◆ **YOUR TASK**
When you reach the line containing "超特価最終値下　Nikon F Eye Level 35mm SLR #DF14", begin reproducing the material exactly, stop after the line containing "Matte von Fhsqwernm", and leave out any pictures along the way.

◆ **MATERIALS PROVIDED**
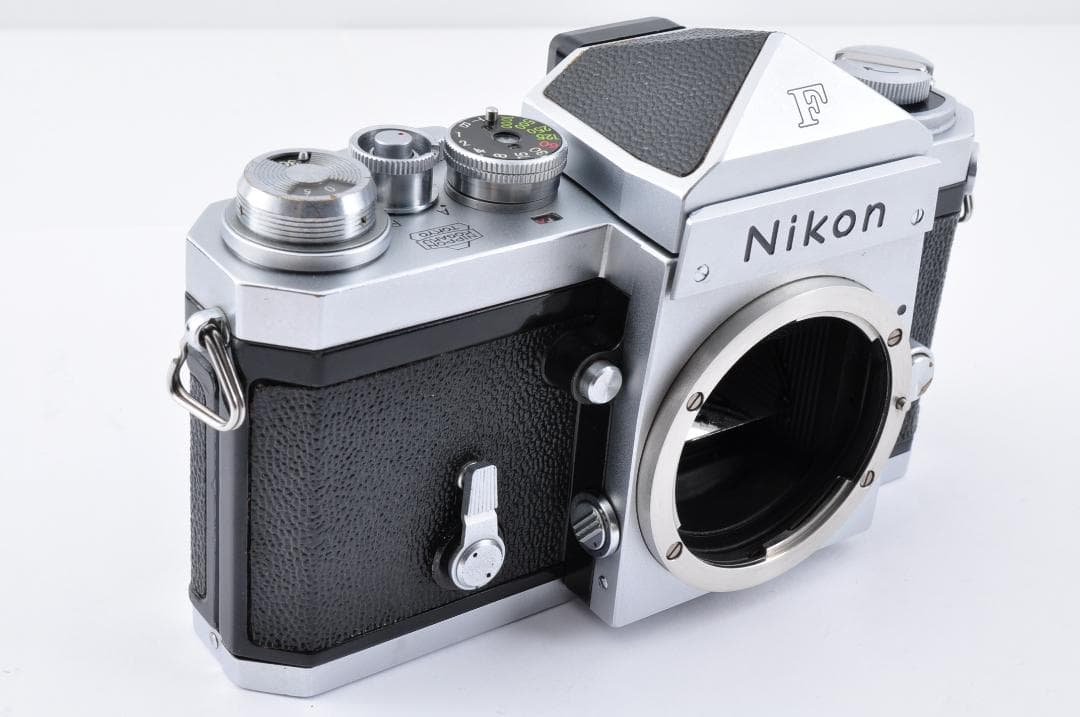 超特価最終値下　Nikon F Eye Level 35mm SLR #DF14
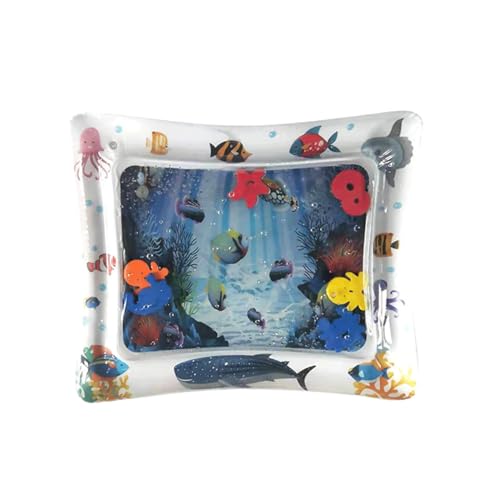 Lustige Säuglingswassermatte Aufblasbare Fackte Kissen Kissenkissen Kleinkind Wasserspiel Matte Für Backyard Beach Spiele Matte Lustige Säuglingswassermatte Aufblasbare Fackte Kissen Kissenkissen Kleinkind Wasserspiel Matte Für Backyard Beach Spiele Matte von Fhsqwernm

* * *

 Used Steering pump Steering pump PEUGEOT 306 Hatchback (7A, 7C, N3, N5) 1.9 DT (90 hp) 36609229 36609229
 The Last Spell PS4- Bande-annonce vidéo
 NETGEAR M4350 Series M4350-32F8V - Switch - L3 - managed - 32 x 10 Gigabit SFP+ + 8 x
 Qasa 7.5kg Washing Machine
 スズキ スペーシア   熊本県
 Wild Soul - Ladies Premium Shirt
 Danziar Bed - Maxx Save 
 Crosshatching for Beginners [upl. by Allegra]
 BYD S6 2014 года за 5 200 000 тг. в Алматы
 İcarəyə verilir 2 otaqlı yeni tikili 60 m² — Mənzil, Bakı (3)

* * *

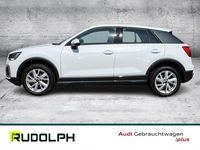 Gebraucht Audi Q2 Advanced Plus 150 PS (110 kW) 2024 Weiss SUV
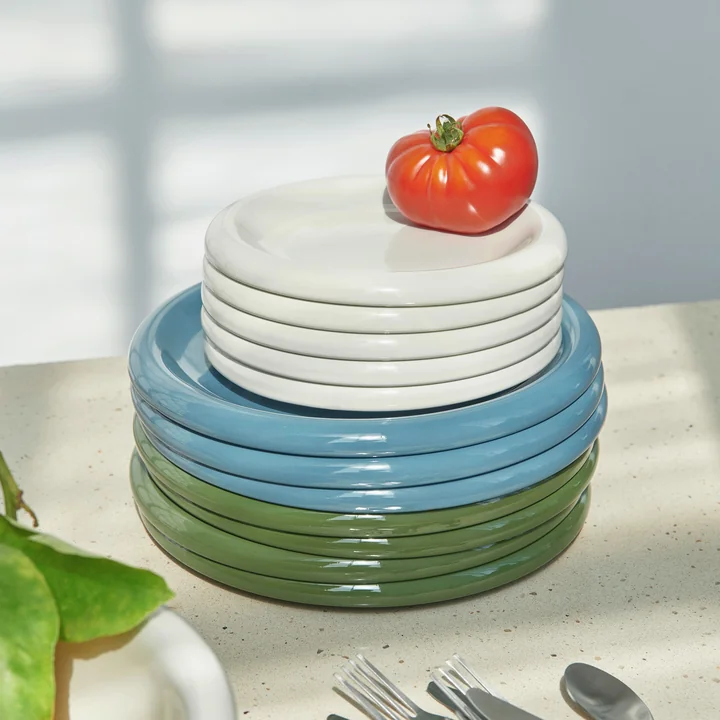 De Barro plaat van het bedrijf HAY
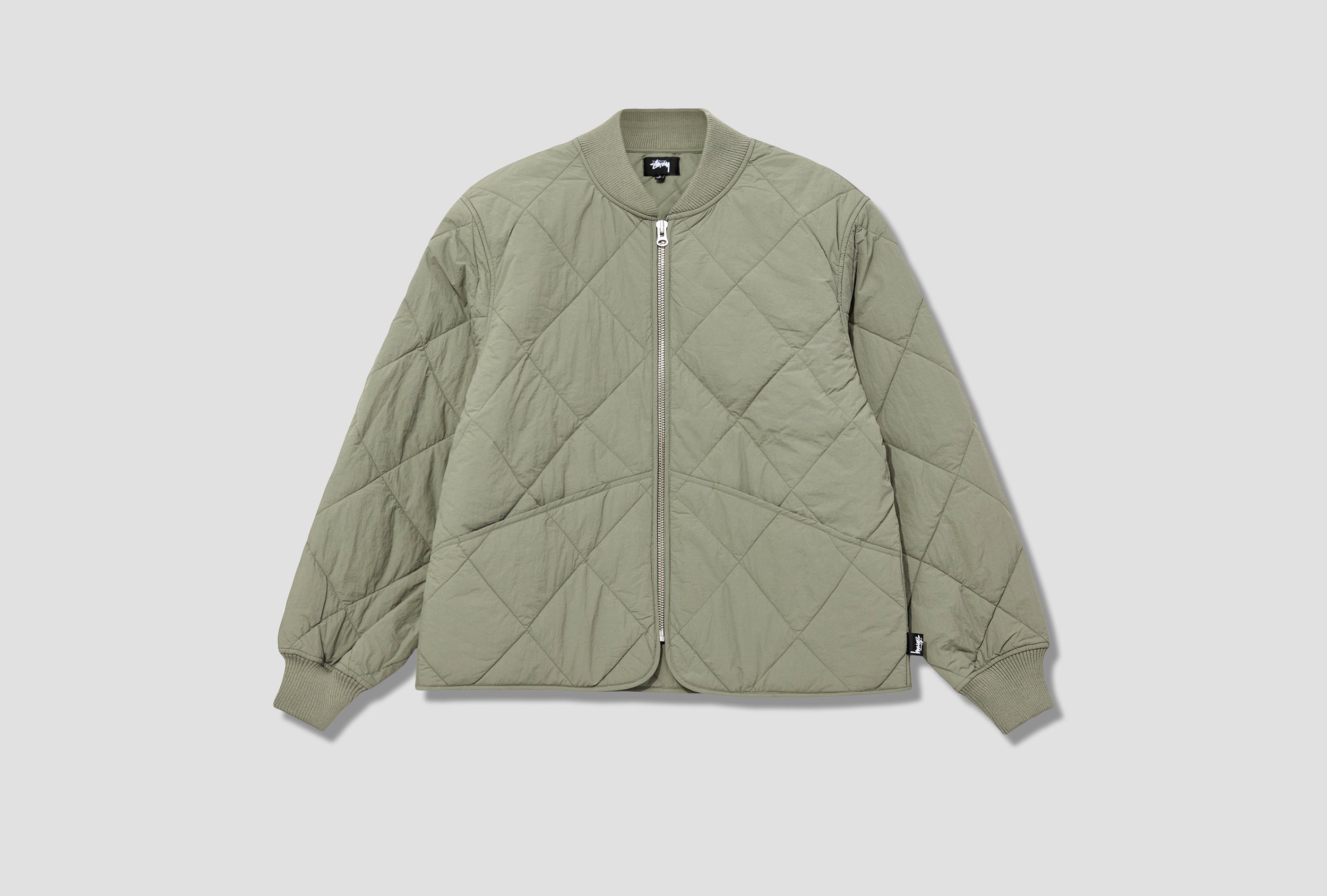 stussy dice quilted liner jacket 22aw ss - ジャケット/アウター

◆ **FINISHED EXERCISE**
 超特価最終値下　Nikon F Eye Level 35mm SLR #DF14
 Lustige Säuglingswassermatte Aufblasbare Fackte Kissen Kissenkissen Kleinkind Wasserspiel Matte Für Backyard Beach Spiele Matte Lustige Säuglingswassermatte Aufblasbare Fackte Kissen Kissenkissen Kleinkind Wasserspiel Matte Für Backyard Beach Spiele Matte von Fhsqwernm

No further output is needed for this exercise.